The book is by journalists Lauri Nurmi and Matti Mörttinen and covers Rinne’s journey to lead the government from childhood to the present day.
One story to emerge is that Rinne is positive about allowing Muslim congregations the same right to tax their members as Finland’s established religious denominations, as they have raised the issue in discussions with him.
"It shows that they want to integrate into society by themselves gathering resources to fund their operations," said Rinne in the book, adding that such a model could also prevent foreign funding of Islamic communities in Finland.
Helsingin Sanomat reports that the book also notes that while he was recovering from pneumonia and a heart attack earlier this year, Rinne asked an advisor if he might attend election debates in a wheelchair as former US President Woodrow Wilson did.
"Antti, you are not Wilson," he was told, and given a deadline to recover or the party would need to choose a successor to fight April’s election.
That ultimatum gave him additional motivation to recover, according to the book, and he was better in time to fight and win the election.
Ilta-Sanomat also has a story on his habit of buying his suits from fairly downmarket outlets near his home in the Päijät-Häme region, right up until he was Prime Minister and got marched to a swankier Helsinki outlet to purchase five near-identical blue suits and one black one.
"When I have clothes I like, I keep them so long they wear out," said Rinne.
Nokia shares tumble
It was a bad day for Nokia on Thursday, as they announced their third quarter results and said that they would not be paying a dividend this - or next - quarter.
The company’s share price tumbled on the Helsinki stock exchange, and that prompted Taloussanomat to wonder how much money individual, well-known shareholders had lost on what the paper termed 'Black Thursday'.
Nokia is of course a very popular share in Finland that enriched large numbers of people in the 1990s, so the paper’s list of MPs and celebrities is pretty long.
Some suggest that the price has fallen so it might be time for (other people) to buy the stock, but it remains to be seen if that will happen.
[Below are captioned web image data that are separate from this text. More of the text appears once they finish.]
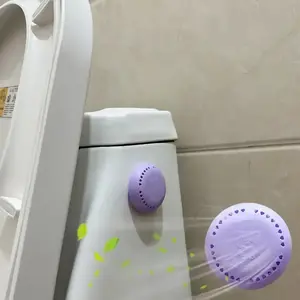 10-Piece Long-Lasting Aromatherapy Air Freshener Refill Pack, Includes Extra Shell, Sakura Rose Lavender Scented Solid Deodorant Tablets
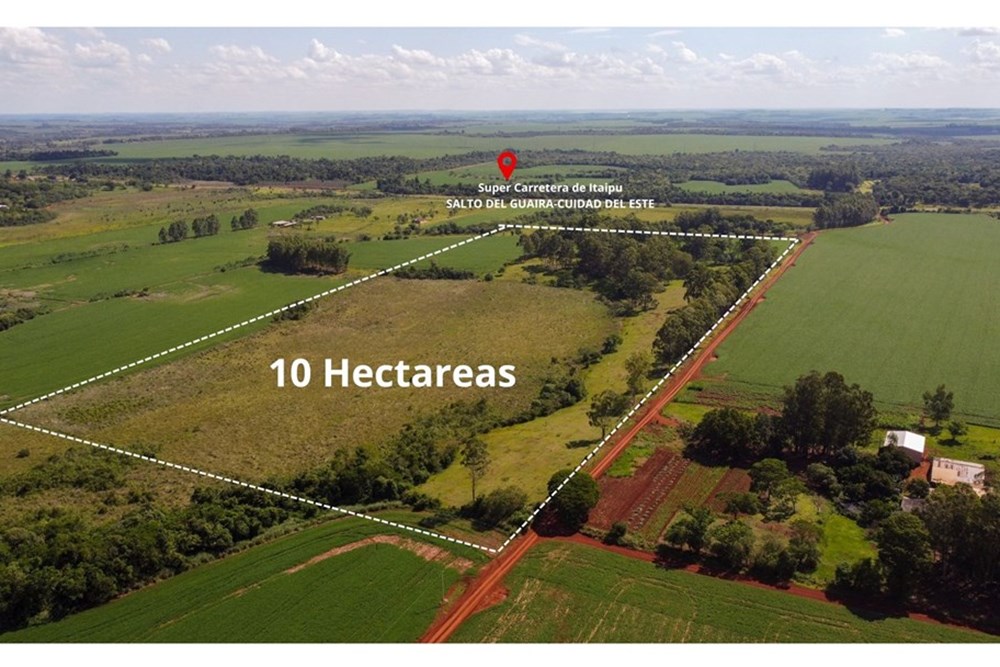 10-hectare land for sale in Itakyry, Alto Paraná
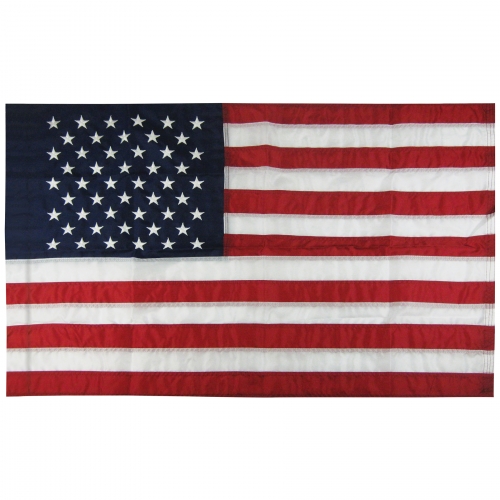 2.5' x 4' U.S. Nylon Flag with Pole Sleeve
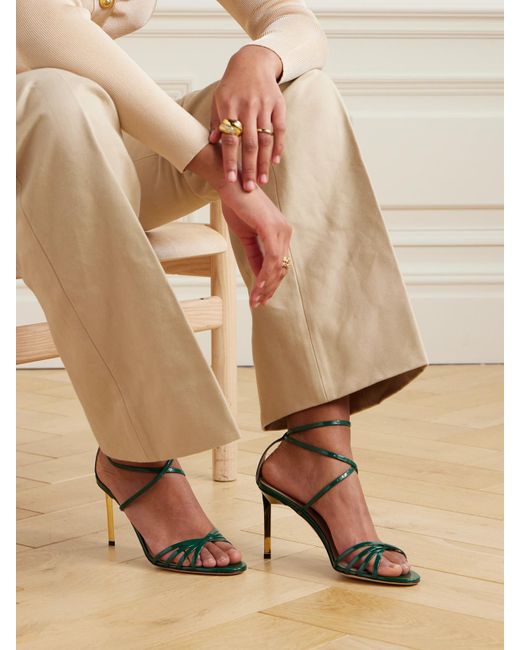 Tom Ford Metallic Ida Patent-Leather Sandals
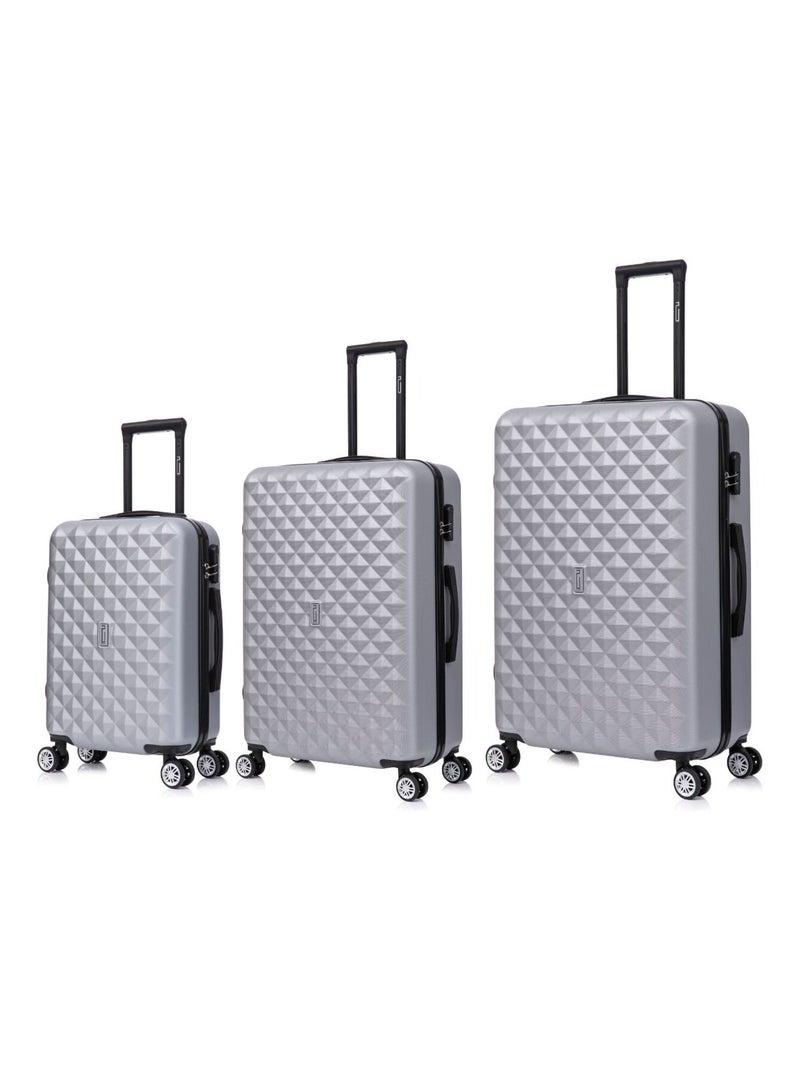 Set de Valises 3 Pièces | Cabine + Moyenne + Grande | Serrure Intégrée | CELIMS France Gris - Kiabi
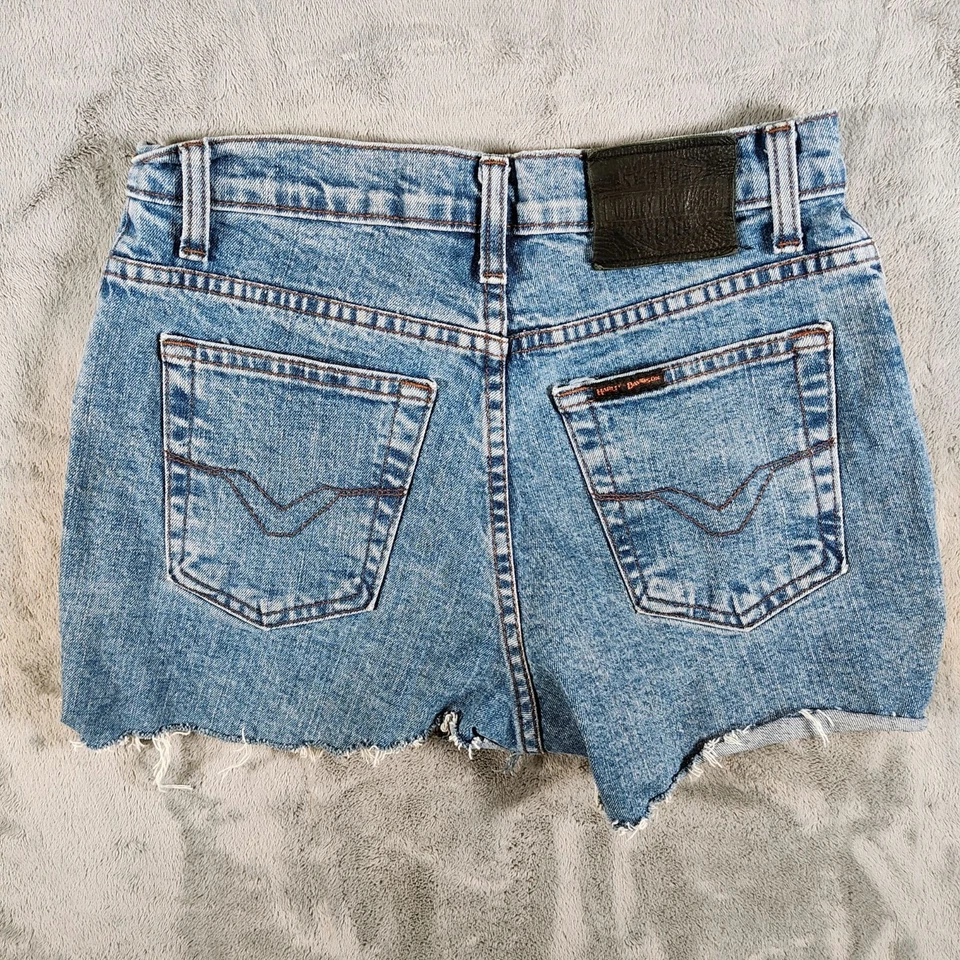 Harley-Davidson 2005 женщин DIY отрезать потертый кромки джинсовой ткани Jean шорты (размер 4P) - Изображение 2 из 4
Business daily Kauppalehti took a different tack, wondering just how the company could have done so badly. The paper suggests that somebody might be willing to supply 5g networks at any price, undercutting Nokia and Swedish rival Ericsson.
That only leaves one company in the same market who might be the lower-cost provider: Chinese state-owned Huawei.
How dull is Helsinki?
Ilta-Sanomat picks up a story from Russian outlet Ria Novosti detailing the results of a poll of Russian tourists.
The somewhat surprising result? Helsinki is the dullest town in Europe, according to 30 percent of respondents.
The biggest problems for the Finnish capital were the weather and the lack of sights to see, according to the pollsters.
In second spot was Bratislava, and the third snoozefest vacation spot was the Czech spa town of Karlovy Vary.
IS notes that the provocative results did draw a reaction on social media from Saint Petersburg residents, who share a very similar climate at least with Helsinki.
“It’s not boring, just peaceful,” said one quoted in IS.